The flight team has maneuvered the spacecraft to warm the antenna in the dun four times beginning in May 1991, and to cool it six times between July and this April.

The next warm-cool cycle is underway: the team sent a command sequence June 25 that started a warming turn on June 29, followed by a cooling turn ending July 10.

Since the spacecraft was receding from the sun throughout 1991 (to a maximum of 211 million miles on Jan. 11, 1992), and is still more than 186 million miles from the heat source, warming has had a limited effect -- about 30 degrees Celsius (50 degrees Fahrenheit) each time. Cooling turns have tended to change the temperature by as much as 140 C (250 F), shrinking the antenna tower about one millimeter (1/25 inch).

While all this was going on, the flight team also conducted Galileo's flight mission, flying a two-year elliptical orbit between the first and second Earth gravity-assists.

Along the way, the spacecraft flew by and observed the asteroid Gaspra in October 1991, and transmitted the first-ever asteroid photo over the low-gain antenna soon after: another, higher resolution Gaspra image was received last month and released June 11 (Universe, June 19).

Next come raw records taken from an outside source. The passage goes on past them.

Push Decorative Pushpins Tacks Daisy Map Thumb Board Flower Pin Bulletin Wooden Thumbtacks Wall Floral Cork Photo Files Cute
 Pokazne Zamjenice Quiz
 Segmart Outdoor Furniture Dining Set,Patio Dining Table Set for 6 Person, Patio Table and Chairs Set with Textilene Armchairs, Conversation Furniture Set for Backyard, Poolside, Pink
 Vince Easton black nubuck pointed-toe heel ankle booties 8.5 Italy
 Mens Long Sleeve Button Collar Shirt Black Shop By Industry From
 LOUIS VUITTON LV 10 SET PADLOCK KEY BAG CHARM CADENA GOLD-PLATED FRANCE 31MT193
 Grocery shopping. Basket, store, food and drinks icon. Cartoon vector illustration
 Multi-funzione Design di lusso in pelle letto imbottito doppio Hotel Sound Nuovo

The team is also maintaining the health of the spacecraft and guiding it toward the December 1992 gravity-assist that will send it to its Jupiter encounter in 1995.

On April 29 the antenna-deploy motors were turned on for about two seconds (the first time since the anomaly) as a diagnostic experiment; the engineers confirmed their ideas about the state of the antenna.

In addition to thermal cycling, the tiger team has developed other ideas for loosening the stuck ribs: retracting the second low-gain antenna (on a pivoting boom), pulsing the antenna motors, and increasing the spacecraft spin rate to maximum 10 rpm (normally about 3 rpm).

Finally, in case the antenna remains stuck, technical teams have been studying a mission design to use the low-gain antenna for Jupiter science return, with atmospheric-probe and remote-sensing information stored on the tape recorder and slowly played back, an option the Project team described at the June 11 press conference.

Using advanced data-processing techniques in the spacecraft computers and advanced hardware and techniques on the ground, the engineers believe they can capture a significant fraction of the total planned Jupiter science data. However, they haven't ruled out freeing and using the high-gain antenna.

"Either way," said Project Manager Bill O'Neil, "Galileo will accomplish the majority of its objectives and will be the grandest planetary mission in this last decade of the century."